## Information shown
>>>>

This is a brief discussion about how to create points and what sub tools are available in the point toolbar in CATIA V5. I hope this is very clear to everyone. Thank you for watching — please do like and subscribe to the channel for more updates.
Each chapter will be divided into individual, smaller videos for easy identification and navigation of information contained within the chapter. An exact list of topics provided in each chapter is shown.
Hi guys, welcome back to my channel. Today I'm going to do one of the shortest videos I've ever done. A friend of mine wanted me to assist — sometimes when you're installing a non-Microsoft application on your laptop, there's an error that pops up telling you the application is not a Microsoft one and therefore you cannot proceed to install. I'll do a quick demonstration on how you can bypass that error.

<<<<
>>>>

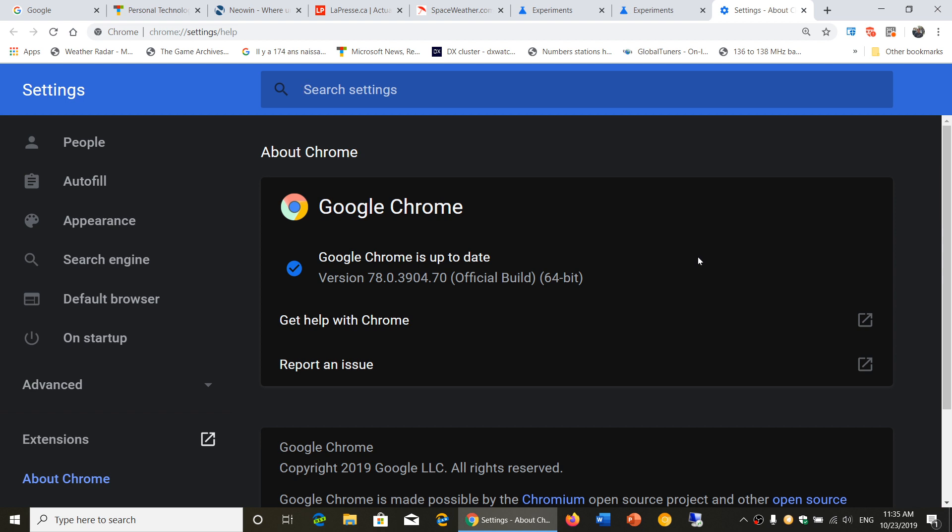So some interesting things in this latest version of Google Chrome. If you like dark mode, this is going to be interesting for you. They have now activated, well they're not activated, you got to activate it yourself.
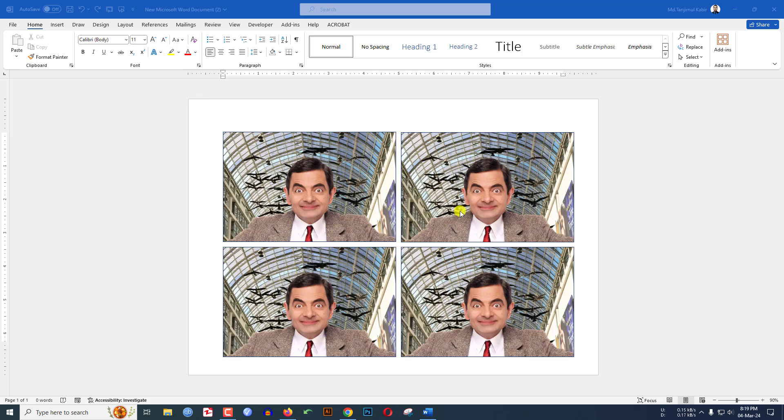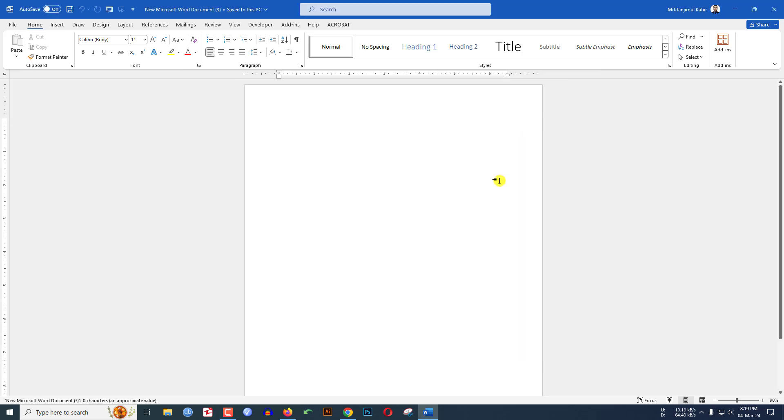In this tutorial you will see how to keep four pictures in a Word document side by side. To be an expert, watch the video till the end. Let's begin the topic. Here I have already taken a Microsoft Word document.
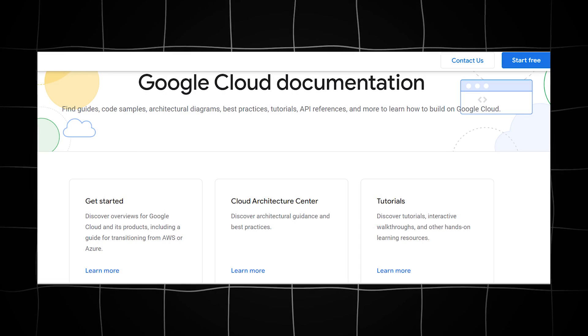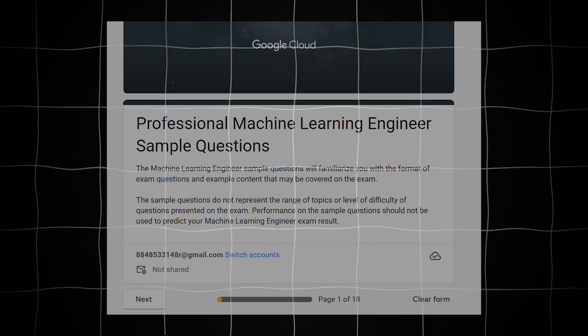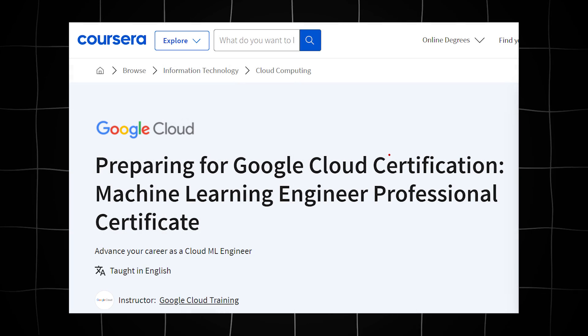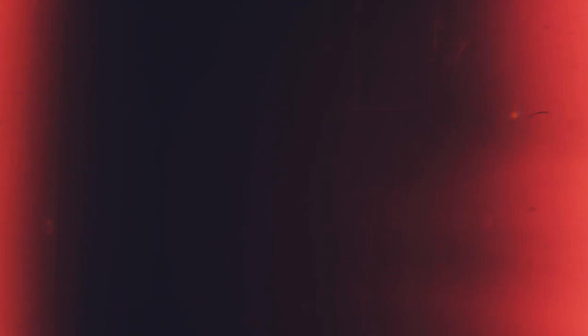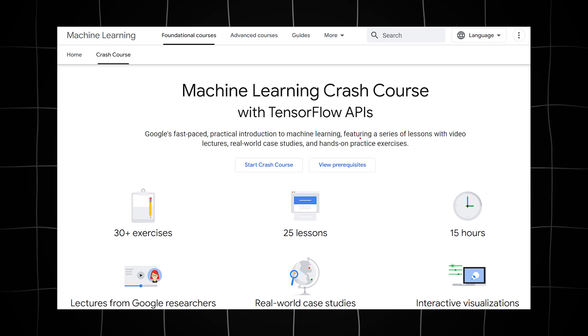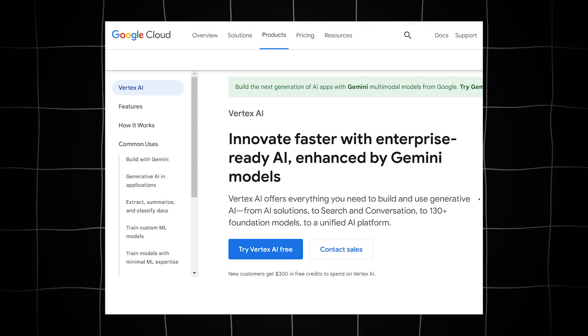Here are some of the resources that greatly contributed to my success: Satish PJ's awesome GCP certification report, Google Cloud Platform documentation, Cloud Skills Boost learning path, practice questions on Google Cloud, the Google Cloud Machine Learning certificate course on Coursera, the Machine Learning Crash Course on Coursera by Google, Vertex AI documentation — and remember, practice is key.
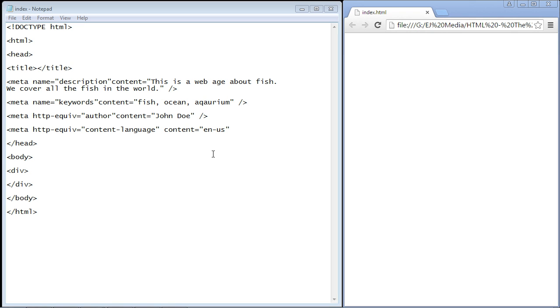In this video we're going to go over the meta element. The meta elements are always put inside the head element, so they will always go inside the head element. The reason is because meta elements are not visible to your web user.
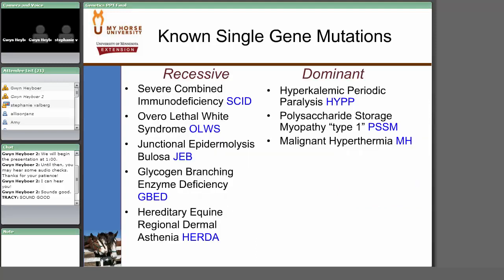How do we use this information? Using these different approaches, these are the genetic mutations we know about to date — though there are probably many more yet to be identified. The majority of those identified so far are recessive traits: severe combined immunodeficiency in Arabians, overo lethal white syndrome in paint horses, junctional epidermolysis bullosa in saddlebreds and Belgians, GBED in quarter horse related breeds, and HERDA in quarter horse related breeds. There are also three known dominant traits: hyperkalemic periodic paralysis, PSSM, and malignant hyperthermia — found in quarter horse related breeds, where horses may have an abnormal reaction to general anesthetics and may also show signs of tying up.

<<<<

## Exercise prompt
In the data above, retype exactly and only the lines between the one holding "Each chapter will" and the one holding "Hi guys, welcome", inclusive.

## Output of the task
Each chapter will be divided into individual, smaller videos for easy identification and navigation of information contained within the chapter. An exact list of topics provided in each chapter is shown.
Hi guys, welcome back to my channel. Today I'm going to do one of the shortest videos I've ever done. A friend of mine wanted me to assist — sometimes when you're installing a non-Microsoft application on your laptop, there's an error that pops up telling you the application is not a Microsoft one and therefore you cannot proceed to install. I'll do a quick demonstration on how you can bypass that error.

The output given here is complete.